There is a lot to like about the chip and run. When you watch golf on TV, you are sure to see this shot used at least a few times, as it is a simple and effective way to get the ball up close to the hole after missing the green. But what is it about the chip and run that makes it an attractive option? Let’s look at some of the benefits you’ll enjoy when playing this type of short game shot.

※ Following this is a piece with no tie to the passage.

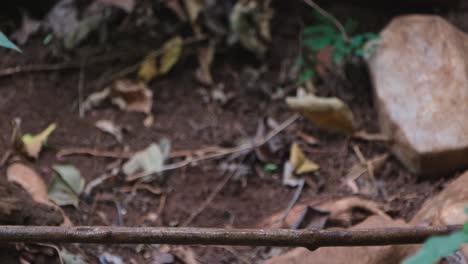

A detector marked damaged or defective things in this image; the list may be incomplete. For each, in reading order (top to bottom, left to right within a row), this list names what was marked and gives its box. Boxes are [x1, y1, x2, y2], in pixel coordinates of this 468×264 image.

rusty metal bar [0, 225, 458, 248]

  • Margin for error. Perhaps the best thing about the chip and run is the margin for error that comes with this shot. Unlike many of the shots you will play during a round of golf, you don’t actually need to make perfect contact in order to produce a good chip and run. It would be best to make solid contact, of course, but you can get away with a slight miss-hit without too much damage being incurred. Since the chip and run is played with a lower-lofted club than something like a flop shot, you don’t have to be so precise with your impact. Also, the swing you will make is generally shorter than when trying to hit the ball up in the air. That shorter swing makes things easier, as well, as there is not as much room for things to go wrong. If you take some time to go out and practice your chip and run, you’ll likely notice that even your poor shots work out pretty nicely.
  • Remove some variables. Golf is a game of a million variables. If you were to try to count the number of variables involved in even a single shot, you’d likely give up before you got very far. For instance, when playing a chip shot, you need to consider the distance of the shot, the firmness of the turf, the speed of the greens, the lie of the ball, the slope of the ground, and on and on. The list just keeps going. While there is nothing you can do to take some of those variables out of play, opting for a chip and run will keep the number down a bit. For instance, you don’t use spin to stop the ball when hitting a chip and run, so that’s a factor you can ignore. Also, a strong breeze can influence the way a chip or pitch shot flies through the air, but it shouldn’t have much of an impact on a chip and run. Anything you can do on the golf course to simplify the game is a good thing and playing chip and run shots is a nice step in that direction.
  • Deal with tricky situations. Imagine for a moment that you have missed the green short, and the pin is located all the way in the back of the putting surface. Not only that, but you have to take your ball up a ridge in the middle of the green before you will get to the hole. Needless to say, this is going to be a tough shot. As one option, you could try to fly the ball all the way up to that back ledge, using spin to bring it to a stop before it goes over the green. While that is a viable option for experienced and talented players, it’s also quite difficult to pull off. If you don’t practice regularly, it’s going to be hard to execute that type of pitch with any degree of consistency. As an alternative, you could opt for a chip and run. This way, you’d take some of the risk out of the shot by just rolling the ball along the ground up toward the hole. Does that mean this is an easy shot? Of course not – it’s a tough one no matter how you approach it. However, the chip and run method should take a bigger mistake out of play and give you a chance to set up a makeable par putt.
  • A good option under pressure. When you are nervous, it becomes harder to execute the precise swing required to hit a high chip or pitch shot. Those type of shots come with very little margin for error, and you might need a little forgiveness when trying to play well under pressure. This is another reason to think about a chip and run. If you are playing in a tournament or just a friendly match at your club, you’ll want to have an option that you can use when things start to get tight. As long the situation is suitable for the shot, go with a chip and run when nervous because it is more forgiving than other options. Even if the nerves get in your way a bit and you don’t make a perfect swing, you could still come away with an acceptable result.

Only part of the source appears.